# WHAT YOU NEED TO DO:
Reproduce the listing below in full and exactly; no pictures belong in the copy.

# DATA:
((

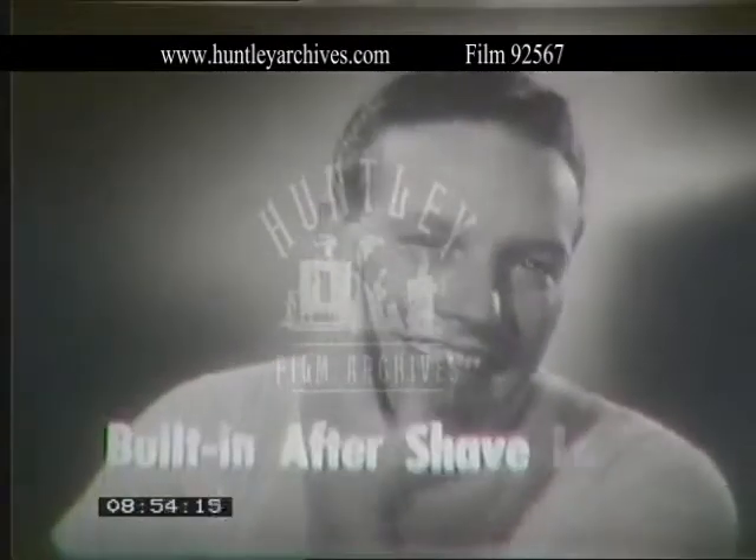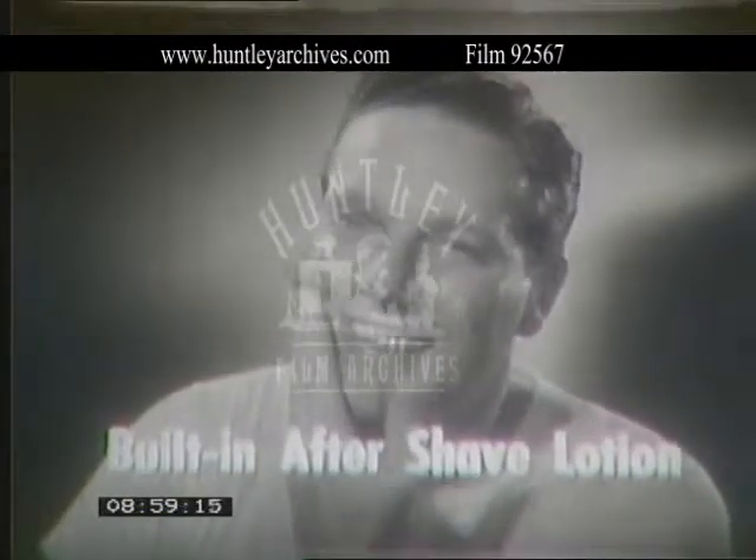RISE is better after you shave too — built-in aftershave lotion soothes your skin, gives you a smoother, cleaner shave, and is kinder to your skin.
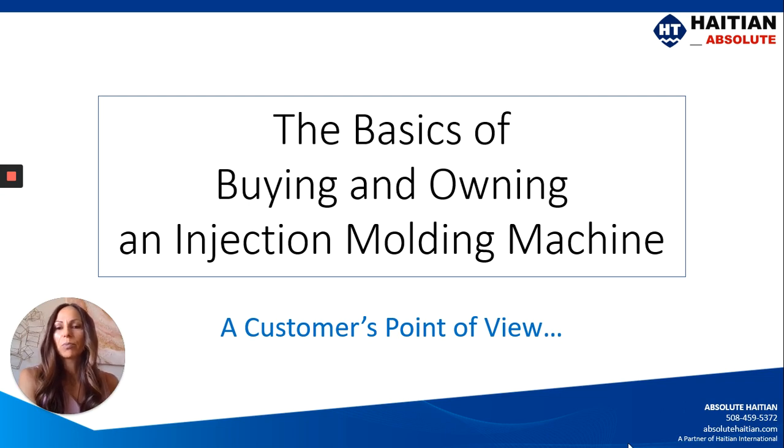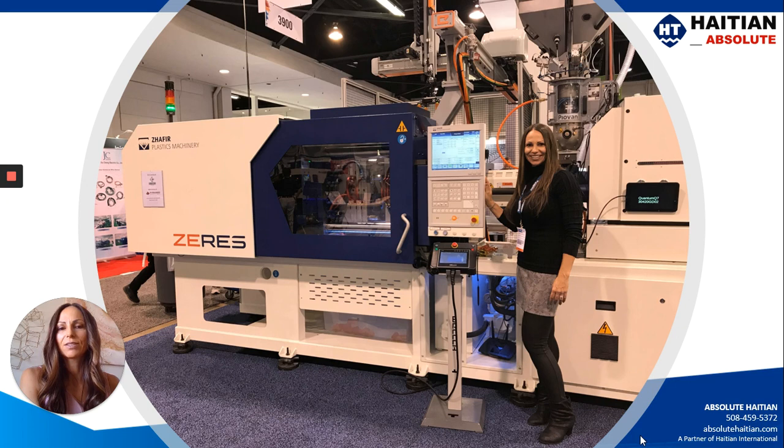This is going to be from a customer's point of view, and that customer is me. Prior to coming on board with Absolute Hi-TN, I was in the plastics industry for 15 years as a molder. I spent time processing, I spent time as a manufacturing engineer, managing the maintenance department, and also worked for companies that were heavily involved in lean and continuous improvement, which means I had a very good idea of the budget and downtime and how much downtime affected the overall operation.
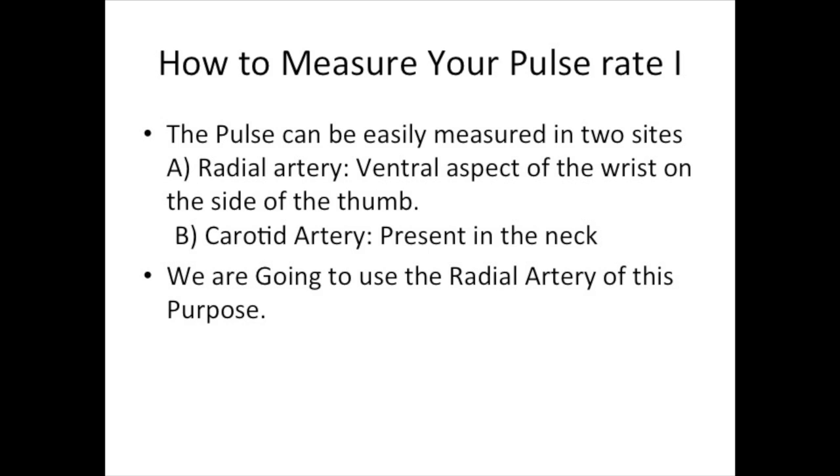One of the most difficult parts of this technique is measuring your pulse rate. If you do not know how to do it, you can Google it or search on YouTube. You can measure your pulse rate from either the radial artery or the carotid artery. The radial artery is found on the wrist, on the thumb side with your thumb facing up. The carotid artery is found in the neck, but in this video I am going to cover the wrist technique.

))

# EXERCISE ANSWER:
RISE is better after you shave too — built-in aftershave lotion soothes your skin, gives you a smoother, cleaner shave, and is kinder to your skin.
This is going to be from a customer's point of view, and that customer is me. Prior to coming on board with Absolute Hi-TN, I was in the plastics industry for 15 years as a molder. I spent time processing, I spent time as a manufacturing engineer, managing the maintenance department, and also worked for companies that were heavily involved in lean and continuous improvement, which means I had a very good idea of the budget and downtime and how much downtime affected the overall operation.
One of the most difficult parts of this technique is measuring your pulse rate. If you do not know how to do it, you can Google it or search on YouTube. You can measure your pulse rate from either the radial artery or the carotid artery. The radial artery is found on the wrist, on the thumb side with your thumb facing up. The carotid artery is found in the neck, but in this video I am going to cover the wrist technique.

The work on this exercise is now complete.